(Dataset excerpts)

#####

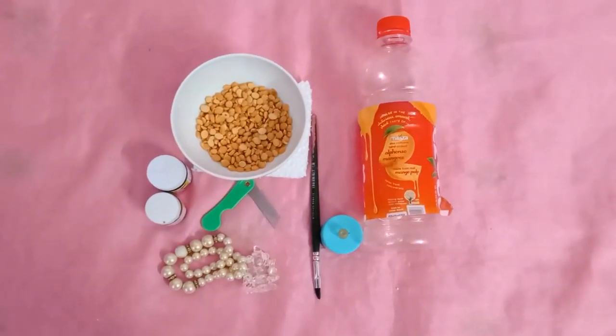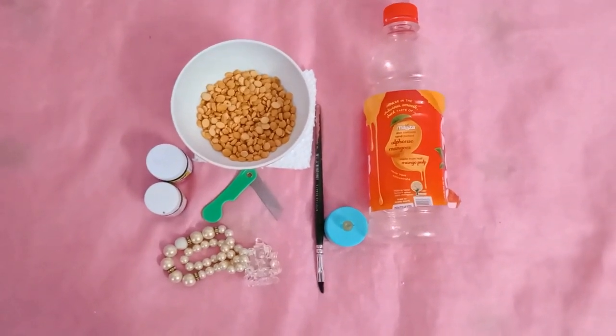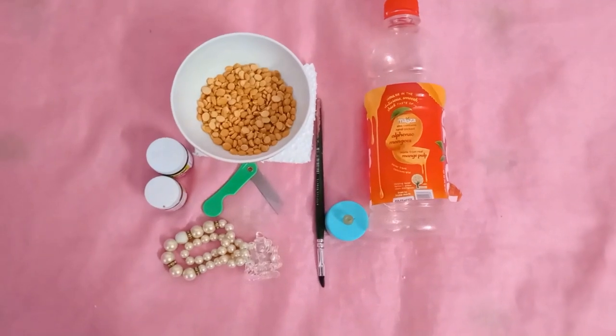Materials required: Plastic bottle, Bengal gram dahl, LED lamp, paints and brushes, dharma coat, one side blade, beads and Ganesha idol.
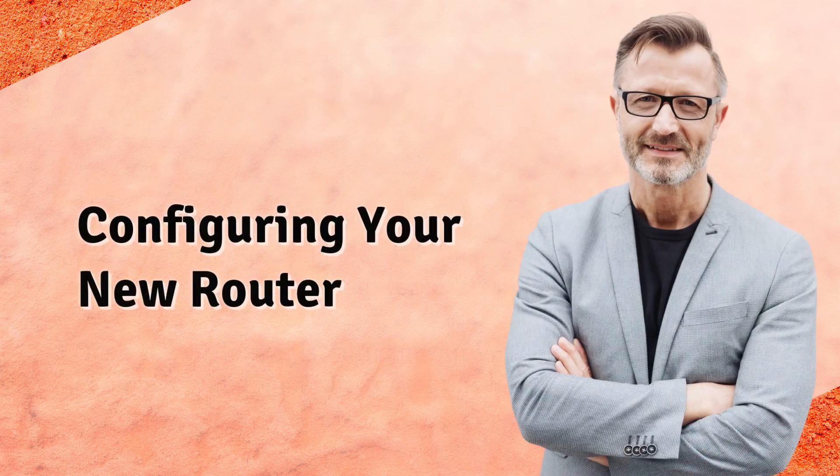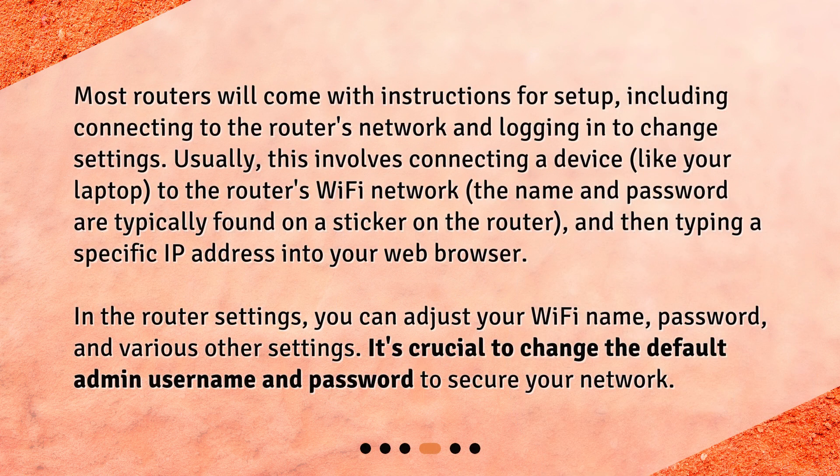Configuring your new router. Most routers will come with instructions for setup, including connecting to the router's network and logging in to change settings. Usually, this involves connecting a device, like your laptop, to the router's Wi-Fi network. The name and password are typically found on a sticker on the router, and then typing a specific IP address into your web browser. In the router settings, you can adjust your Wi-Fi name, password, and various other settings. It's crucial to change the default admin username and password to secure your network.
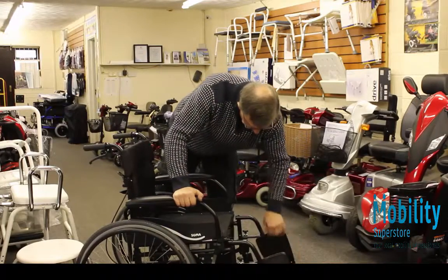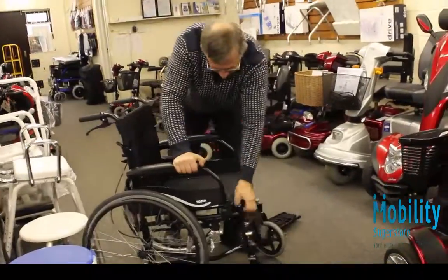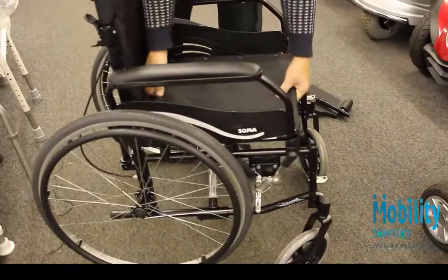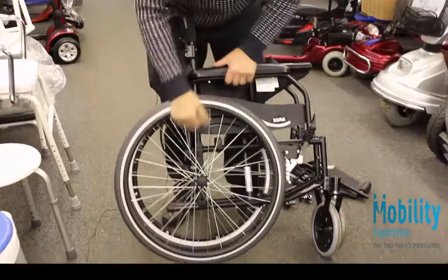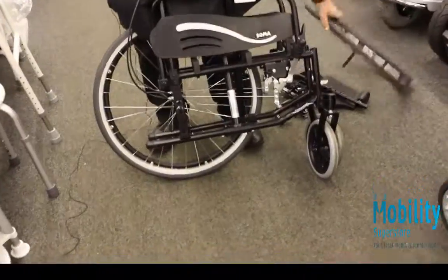First of all you have to take the footrests off and just put them to one side for now. Fold the chair together and if you just put the weight of the chair on one wheel on one side and press this button, the wheel will come off, and then turn it round.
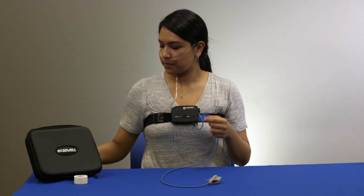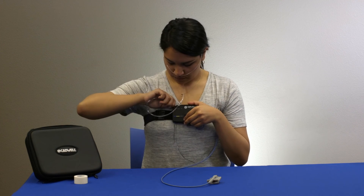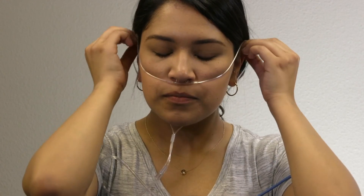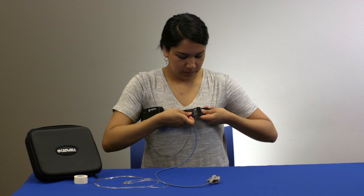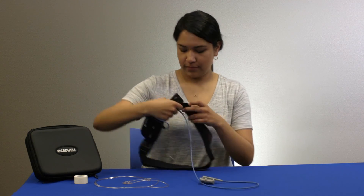The recording will end automatically. You can remove the sensors in any order. If you were instructed to use the apnea track for more than one night, use new pieces of tape and replace the cannula for each night. Do not attempt to clean the components. Replace all components into the carrying case and return the apnea track system to your healthcare provider. Thank you for watching this apnea track patient instruction video and good night.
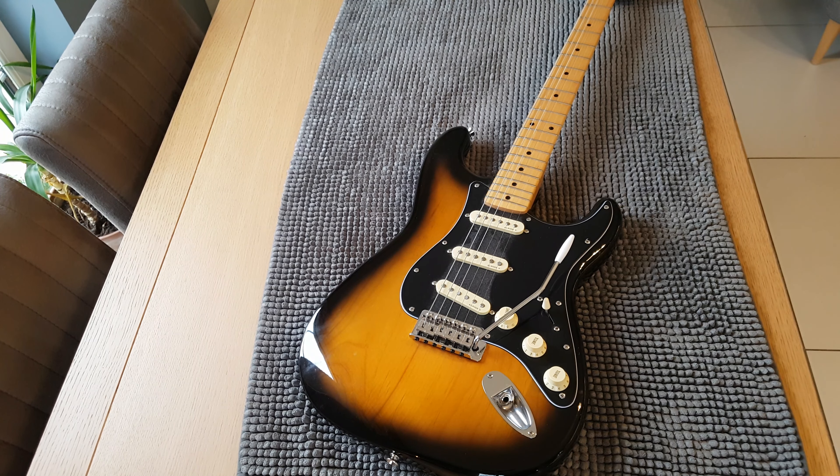Back with a follow-up video on the square infinity strat, taking another look at the tremolo bridge situation on this guitar. From the last video, I had replaced it with a Wilkinson bridge, and unfortunately the Wilkinson bridge block came out just about flush with the back cavity, meaning the springs were protruding a little bit — approximately four millimeters.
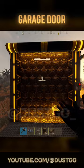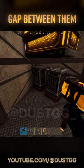Start by building a half-height shelf on a triangle, then place a garage door over it. A large box goes on top, and two electric furnaces go on the bottom.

#####

> [WORK TO COMPLETE]
Looking at the records above, extract only the lines from the one with "The recording will" through the last line, exactly, with the pictures left out.

> [EXERCISE RESULT]
The recording will end automatically. You can remove the sensors in any order. If you were instructed to use the apnea track for more than one night, use new pieces of tape and replace the cannula for each night. Do not attempt to clean the components. Replace all components into the carrying case and return the apnea track system to your healthcare provider. Thank you for watching this apnea track patient instruction video and good night.
Back with a follow-up video on the square infinity strat, taking another look at the tremolo bridge situation on this guitar. From the last video, I had replaced it with a Wilkinson bridge, and unfortunately the Wilkinson bridge block came out just about flush with the back cavity, meaning the springs were protruding a little bit — approximately four millimeters.
Start by building a half-height shelf on a triangle, then place a garage door over it. A large box goes on top, and two electric furnaces go on the bottom.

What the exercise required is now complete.